■ Work required ■
From the listing below, give again exactly the lines from the line with "1115 S Lucerne" to the line with "la Agenda Semanal", ends included, without any pictures.

■ Given records ■
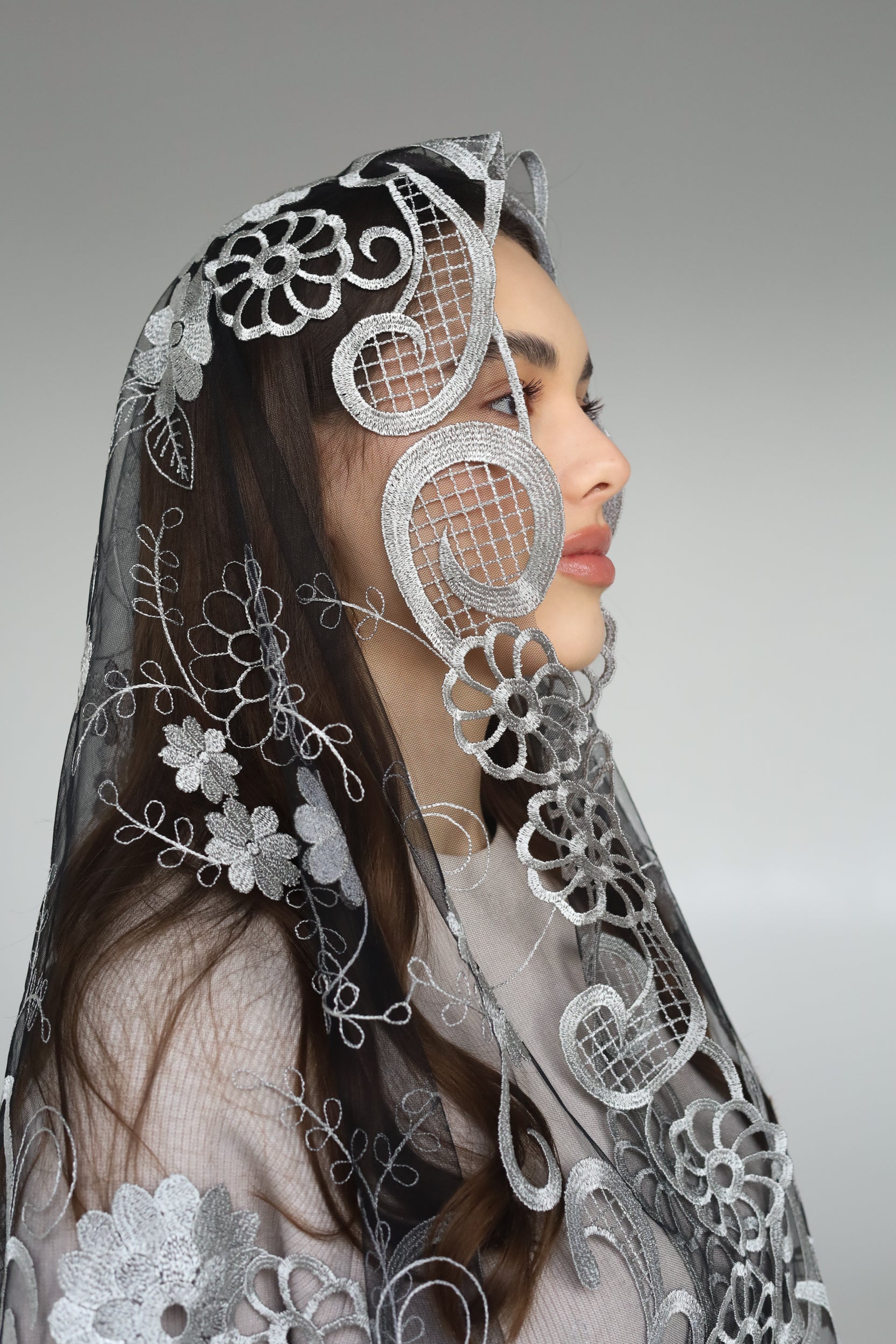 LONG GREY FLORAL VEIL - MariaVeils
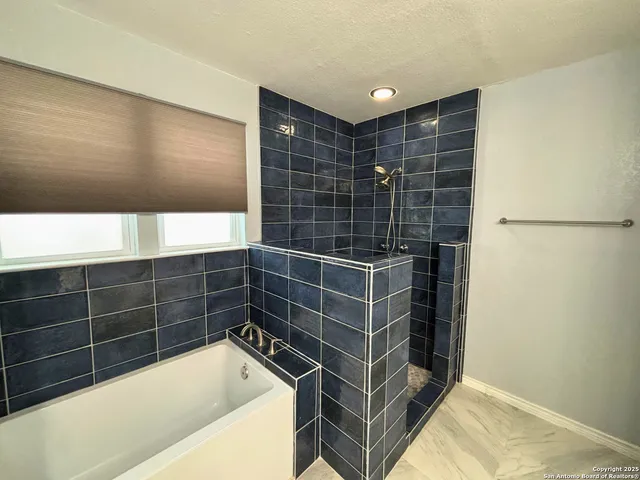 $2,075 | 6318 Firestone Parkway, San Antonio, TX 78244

==

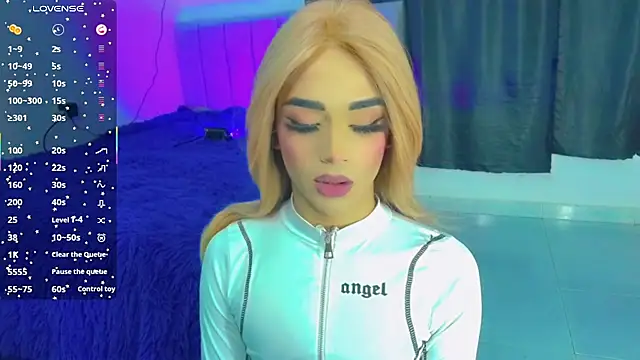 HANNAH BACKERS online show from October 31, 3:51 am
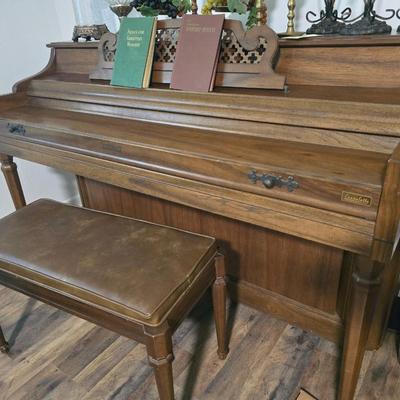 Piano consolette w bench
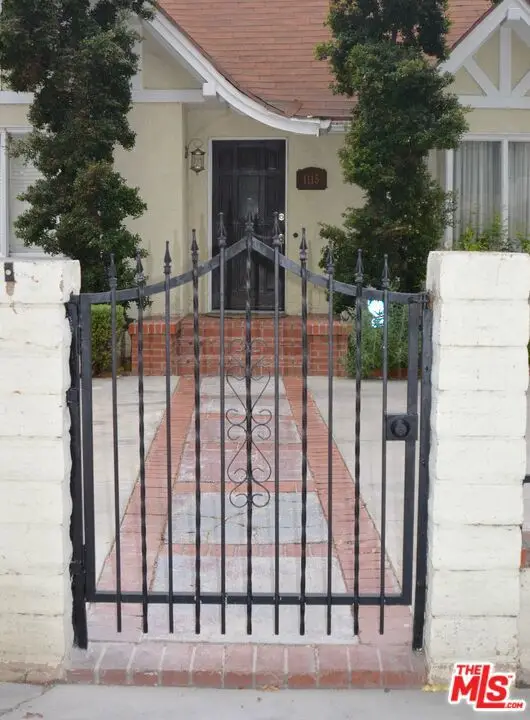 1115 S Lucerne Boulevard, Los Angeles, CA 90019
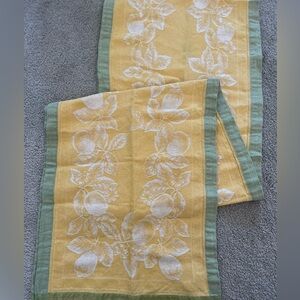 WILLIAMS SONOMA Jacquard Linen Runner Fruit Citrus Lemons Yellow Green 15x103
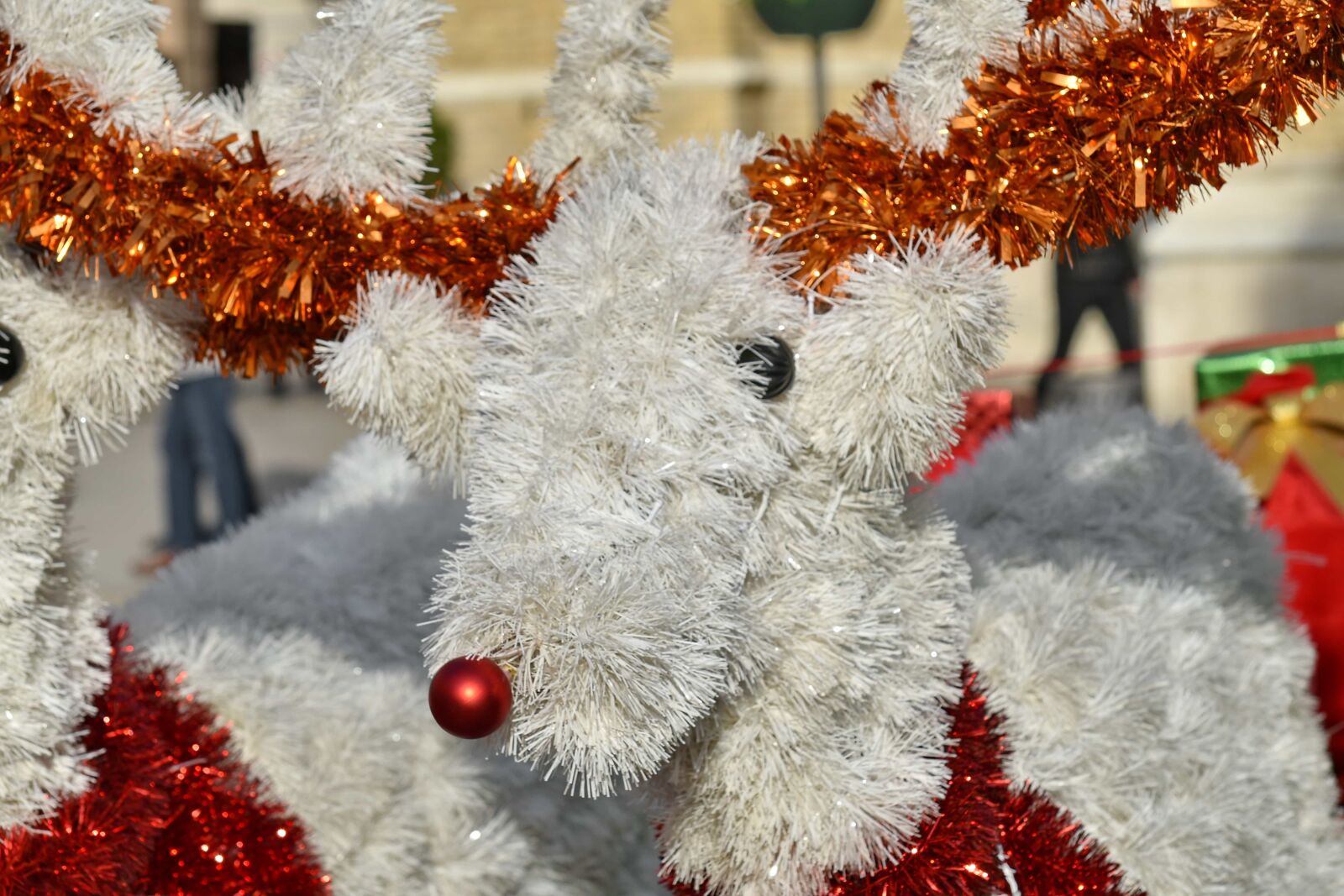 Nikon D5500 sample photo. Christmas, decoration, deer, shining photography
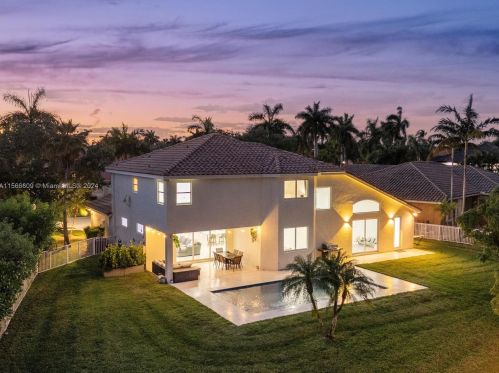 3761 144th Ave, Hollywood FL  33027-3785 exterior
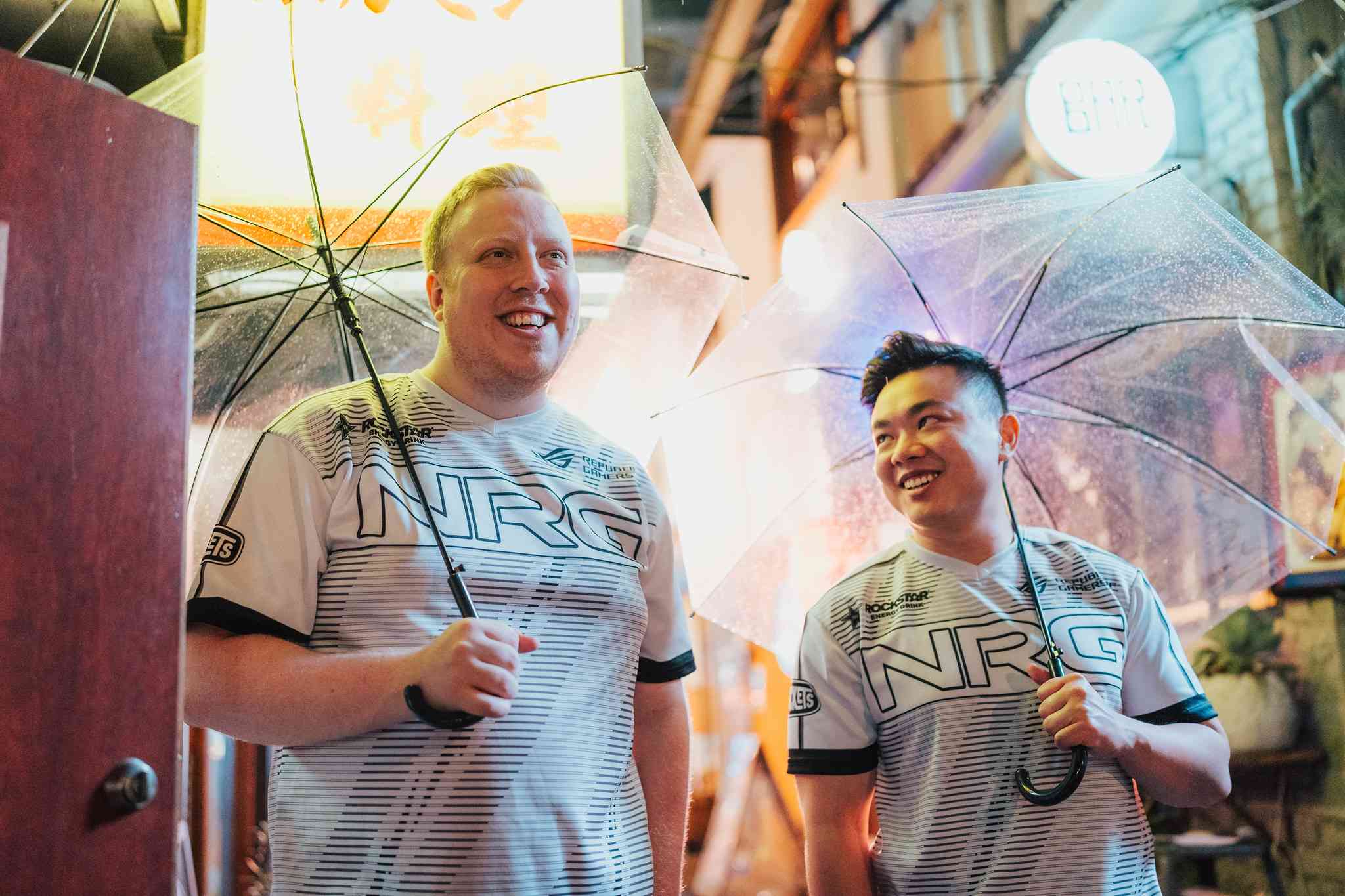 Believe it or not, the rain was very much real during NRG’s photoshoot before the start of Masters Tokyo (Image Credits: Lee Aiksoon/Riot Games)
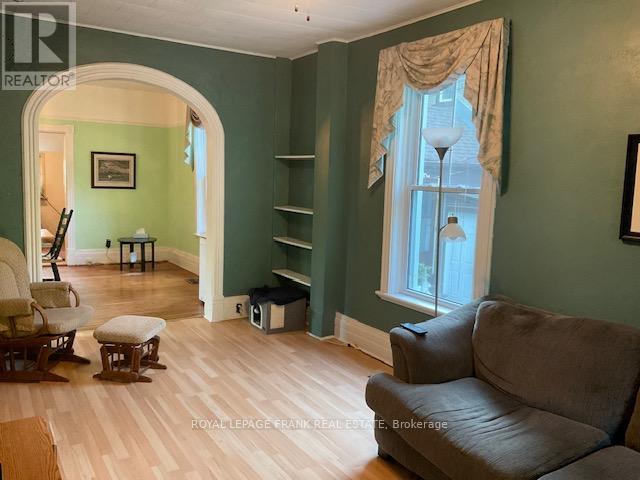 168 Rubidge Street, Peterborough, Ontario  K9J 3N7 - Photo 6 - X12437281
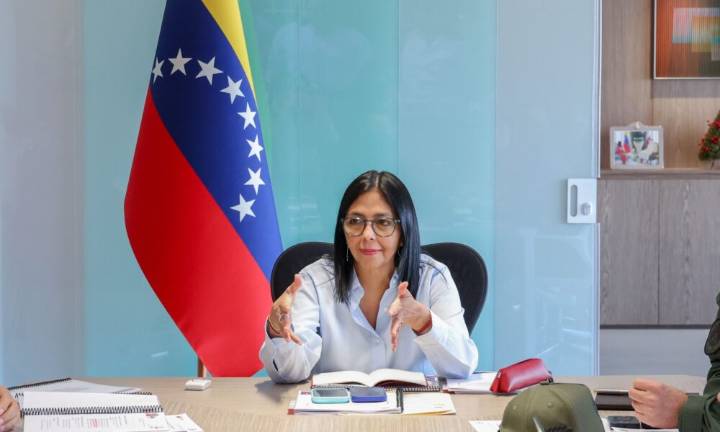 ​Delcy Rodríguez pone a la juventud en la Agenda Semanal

■ Task answer ■
 1115 S Lucerne Boulevard, Los Angeles, CA 90019
 WILLIAMS SONOMA Jacquard Linen Runner Fruit Citrus Lemons Yellow Green 15x103
 Nikon D5500 sample photo. Christmas, decoration, deer, shining photography
 3761 144th Ave, Hollywood FL  33027-3785 exterior
 Believe it or not, the rain was very much real during NRG’s photoshoot before the start of Masters Tokyo (Image Credits: Lee Aiksoon/Riot Games)
 168 Rubidge Street, Peterborough, Ontario  K9J 3N7 - Photo 6 - X12437281
 ​Delcy Rodríguez pone a la juventud en la Agenda Semanal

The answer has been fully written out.